Révolution orange en Ukraine, où passait le gaz russe vers l'Europe, des pressions sur la Biélorussie, où passe aussi une partie du gaz russe. La guerre, du gaz, arriva à son paroxysme lorsque les Russes ont coupé le gaz acheminé via l'Ukraine. Pressions américaines sur les Européens pour accepter leur projet, les Russes soulignent la fragilité des projets américains et leur vulnérabilité face aux attaques « terroristes » et sabotages. L'Ukraine est finalement lâchée et les « Orangistes » sont écartés avec la bénédiction des Européens. Leur cheffe de file ira bientôt même en prison. Les projets américains semblent par ailleurs compromis par leurs échecs successives et retentissants :Afghanistan, Iraq (seul pays arabe, avec la Jordanie, à refuser d'appliquer une quelconque sanction contre la Syrie alors qu'il est encore sous « occupation » américaine, c'est dire), défaite de la guerre de 2006 au Liban, etc.

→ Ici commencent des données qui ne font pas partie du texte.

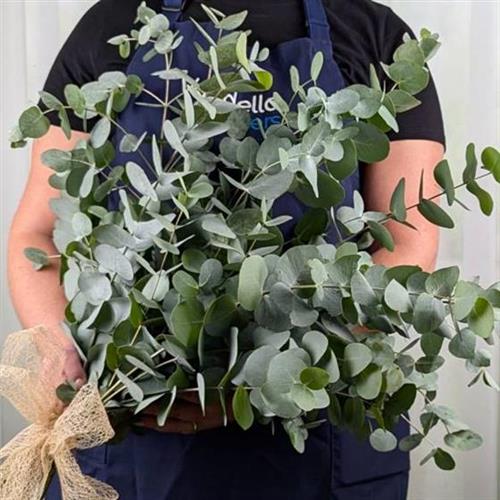 Eucalyptus Bouquet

Les Américains essaient maintenant d'aller frapper au cœur. Certains médias, TSR ce dimanche, commencent même à en parler : même méthodologie qu'en Egypte. Moubarak est tombé, est-ce que Poutine tombera ?

Pas sûr. Pas sûr du tout. Ils ont essentiellement parié sur des régimes qui leur doivent beaucoup, ou d'autres qu'ils ont fait tomber par la force. Dans le cas présent, ni la Syrie, ni la Russie ne leur doivent un centime, quant à l'usage de la force...on vous attend.

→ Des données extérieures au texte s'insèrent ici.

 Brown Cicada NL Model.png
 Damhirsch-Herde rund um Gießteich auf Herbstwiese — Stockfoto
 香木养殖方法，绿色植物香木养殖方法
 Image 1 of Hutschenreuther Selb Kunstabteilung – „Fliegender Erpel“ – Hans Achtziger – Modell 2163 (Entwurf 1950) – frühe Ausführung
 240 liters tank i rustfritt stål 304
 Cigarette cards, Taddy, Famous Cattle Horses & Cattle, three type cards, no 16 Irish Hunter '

Comme d'habitude, une petite question, destinée notamment aux remplisseurs de colonnes de journaux : pourquoi tant d'acharnement de la part des Américains et, accessoirement, Français (on entend déjà moins les Anglais et plus du tout les autres, Qatar mis à part) ? Attention, ceux qui répondront que le motif est la défense de la démocratie et la liberté recevront un...bonnet d'âne.

N'en déplaise aussi aux remplisseurs de colonnes de journaux, près de 10 mois après le début des troubles en Syrie, aucun diplomate, lisez bien : aucun, même pas un concierge d'ambassade, n'a fait défection (analysez). Ne leur en déplaise aussi, ABC, grande chaîne d'information américaine, vient de se confondre d'excuses à n'en plus finir pour avoir déformé l'interview qu'une de leurs journalistes vient de faire avec le Président Syrien. Ils viennent de diffuser l'interview dans son intégralité en ajoutant ces commentaires : Assad n'est pas Khaddafi, il n'est pas non plus Moubarak, ni Ben Ali.